▸ **PROBLEM REQUIREMENTS**
Among the entries below, find the line with "Tamworth NPT and" and the line with "Bed and Breakfast Borgo Marino". Return exactly those lines and every line between them, but no pictures.

Scraped caption text data
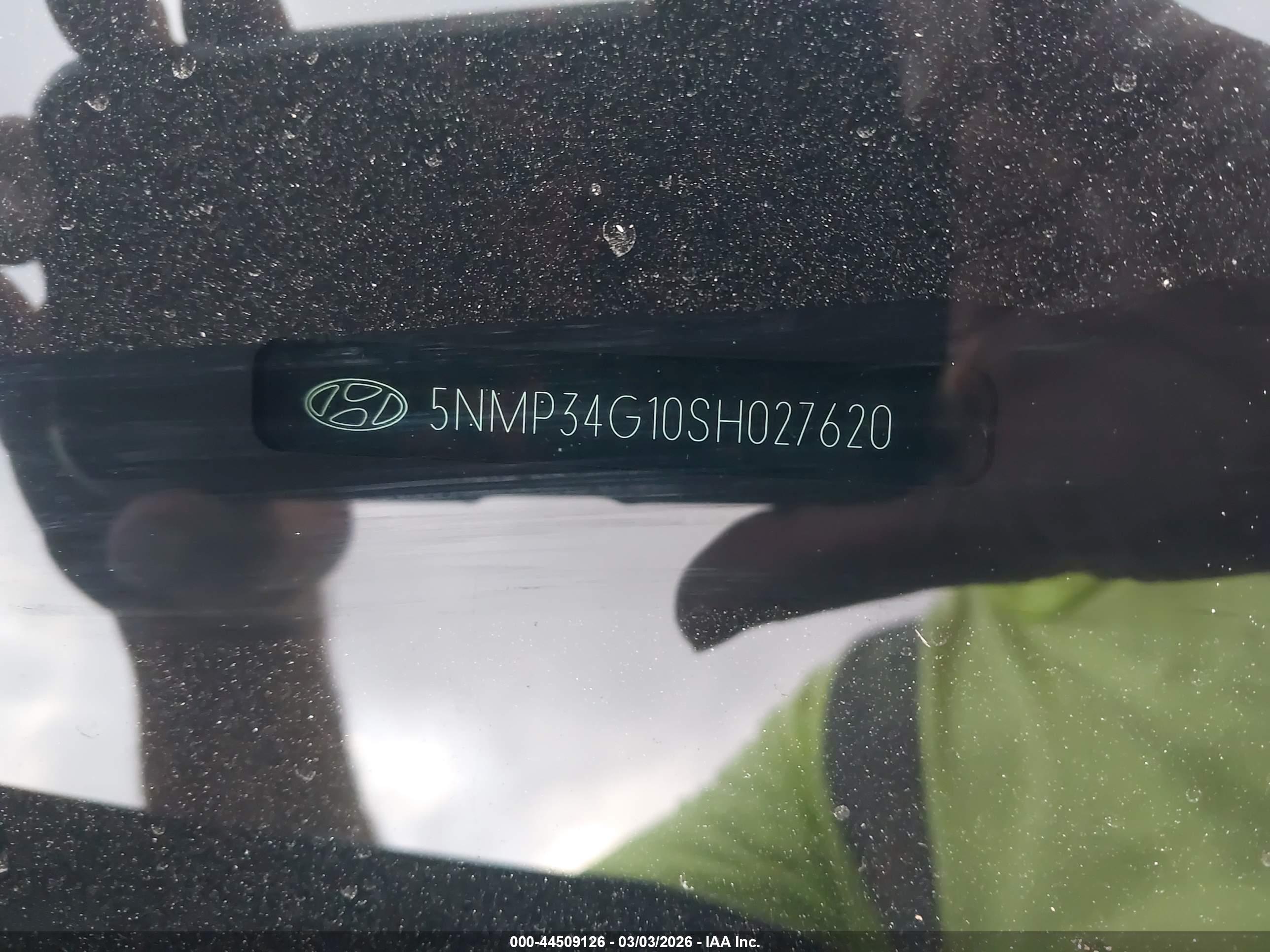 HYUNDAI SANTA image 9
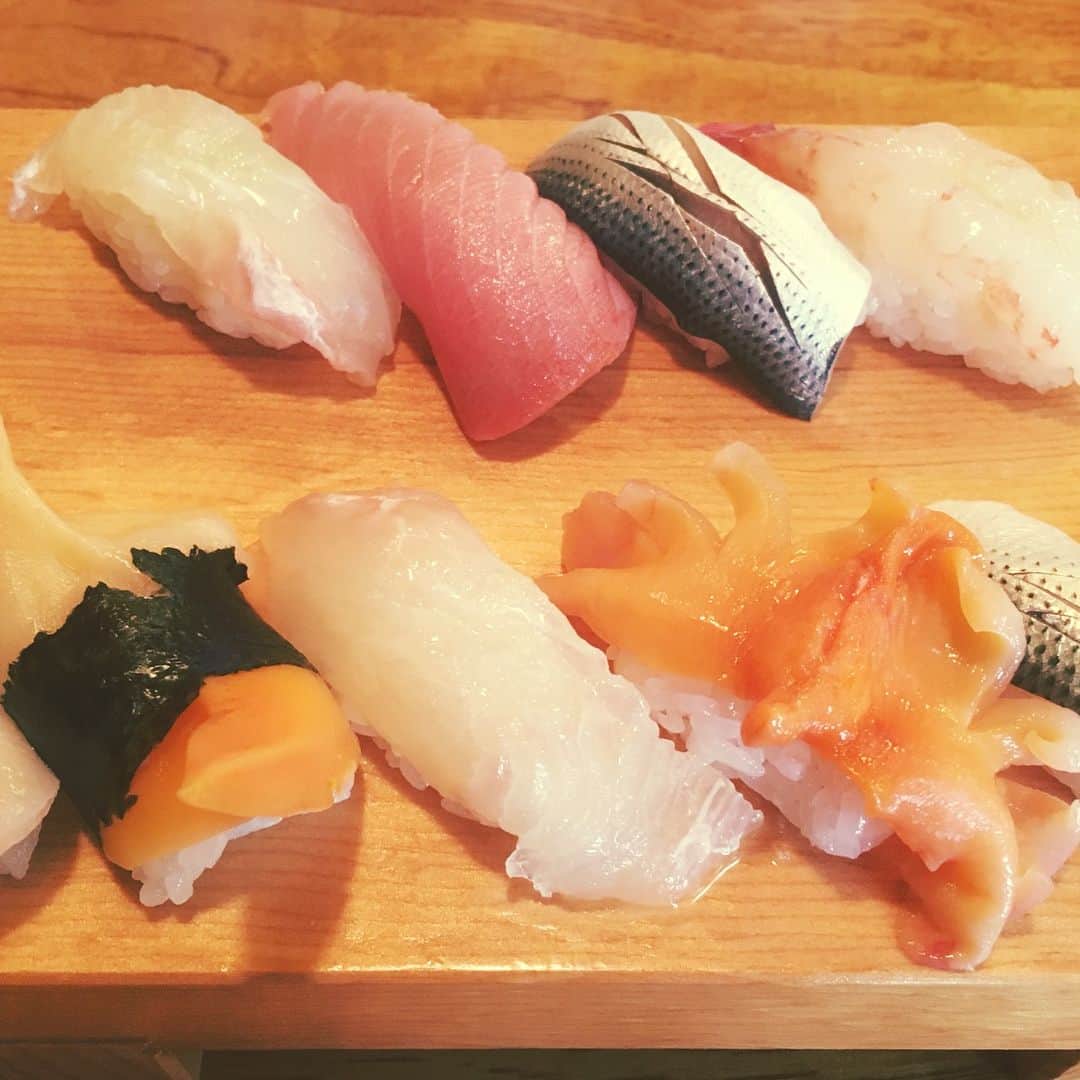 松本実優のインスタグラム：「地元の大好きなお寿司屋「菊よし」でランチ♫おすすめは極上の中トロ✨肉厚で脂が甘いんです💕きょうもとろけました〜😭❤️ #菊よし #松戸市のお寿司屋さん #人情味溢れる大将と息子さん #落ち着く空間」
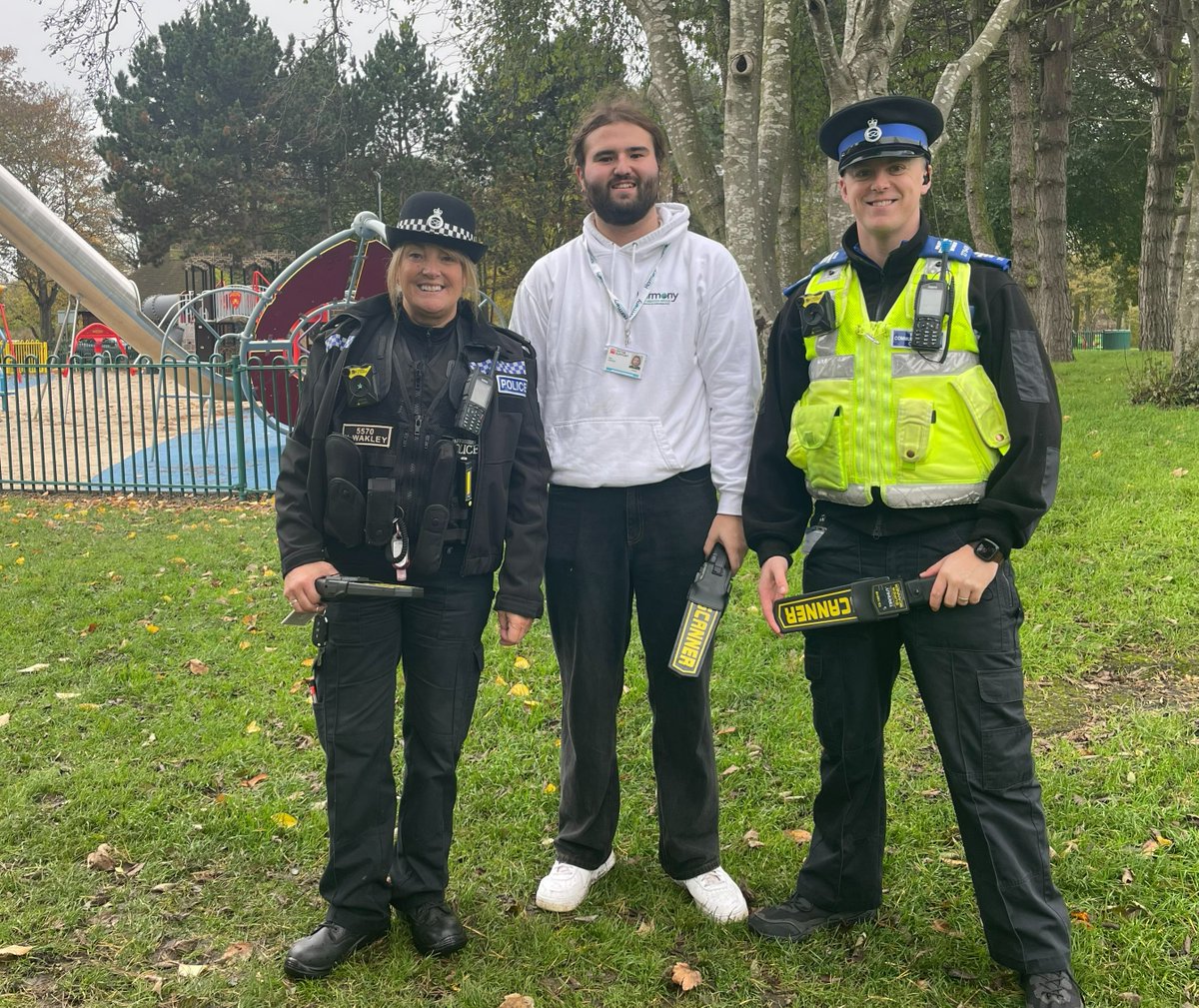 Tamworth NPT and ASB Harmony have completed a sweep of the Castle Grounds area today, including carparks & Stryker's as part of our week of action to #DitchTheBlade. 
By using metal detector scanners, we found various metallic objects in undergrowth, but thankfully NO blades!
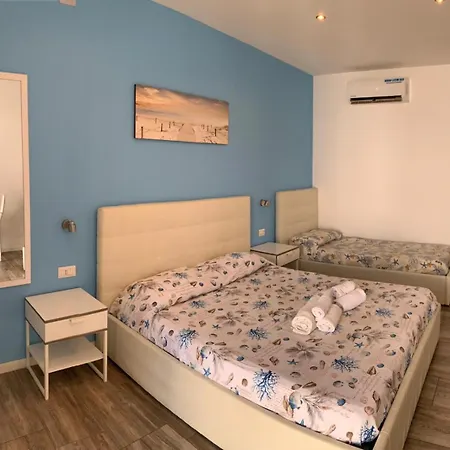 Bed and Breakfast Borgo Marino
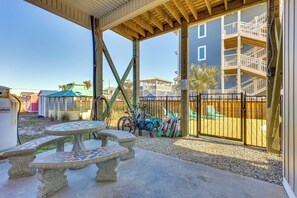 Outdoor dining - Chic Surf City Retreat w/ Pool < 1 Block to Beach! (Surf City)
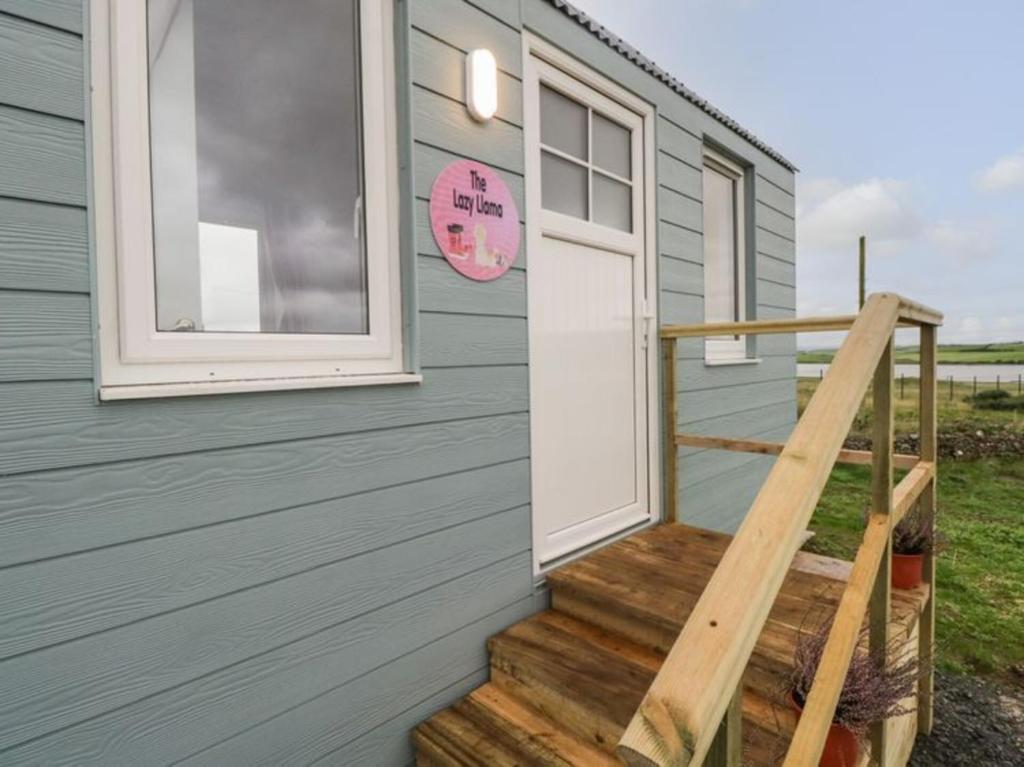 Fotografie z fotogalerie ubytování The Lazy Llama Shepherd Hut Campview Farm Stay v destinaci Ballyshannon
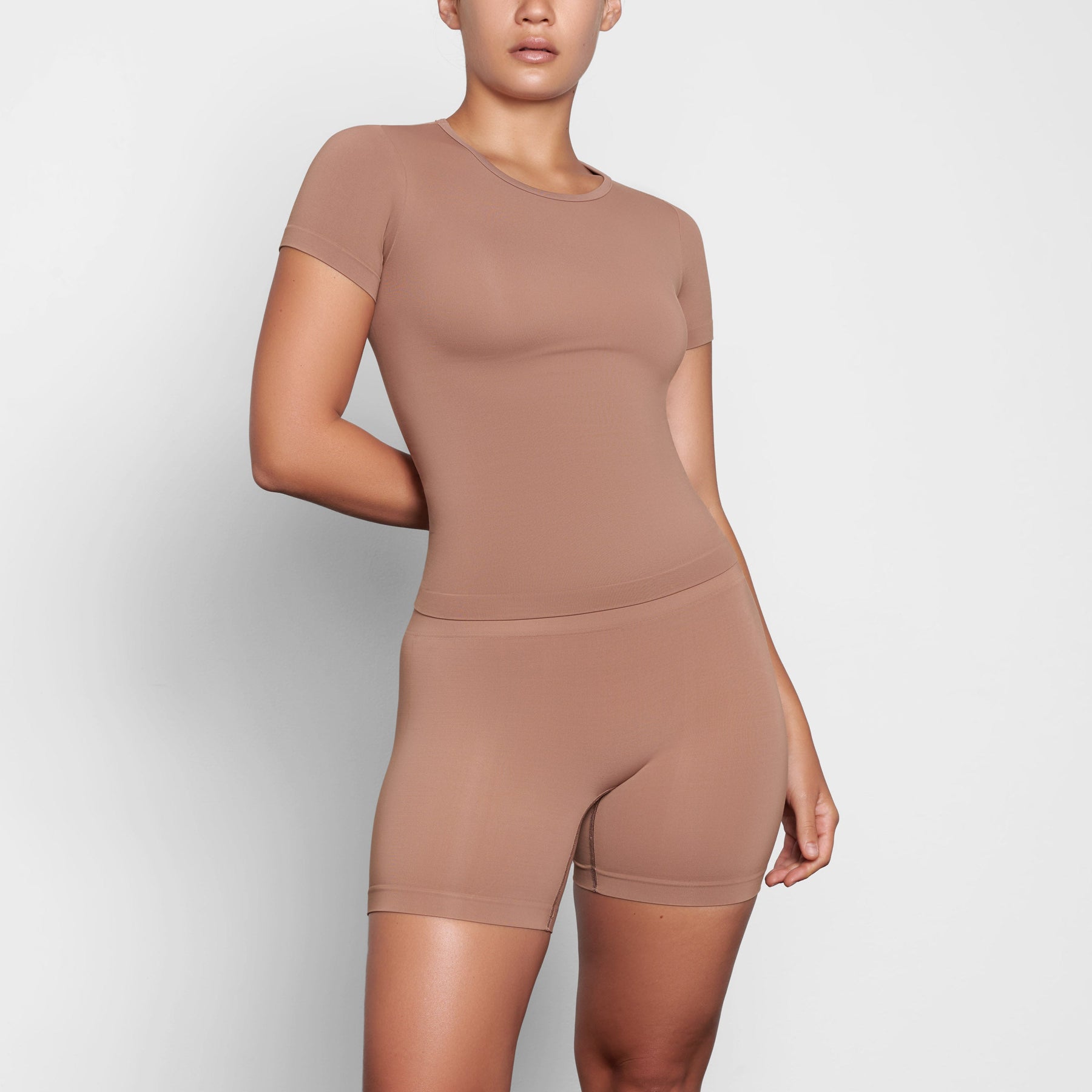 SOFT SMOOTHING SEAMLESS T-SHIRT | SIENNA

▸ **RESPONSE TO THE EXERCISE**
 Tamworth NPT and ASB Harmony have completed a sweep of the Castle Grounds area today, including carparks & Stryker's as part of our week of action to #DitchTheBlade. 
By using metal detector scanners, we found various metallic objects in undergrowth, but thankfully NO blades!
 Bed and Breakfast Borgo Marino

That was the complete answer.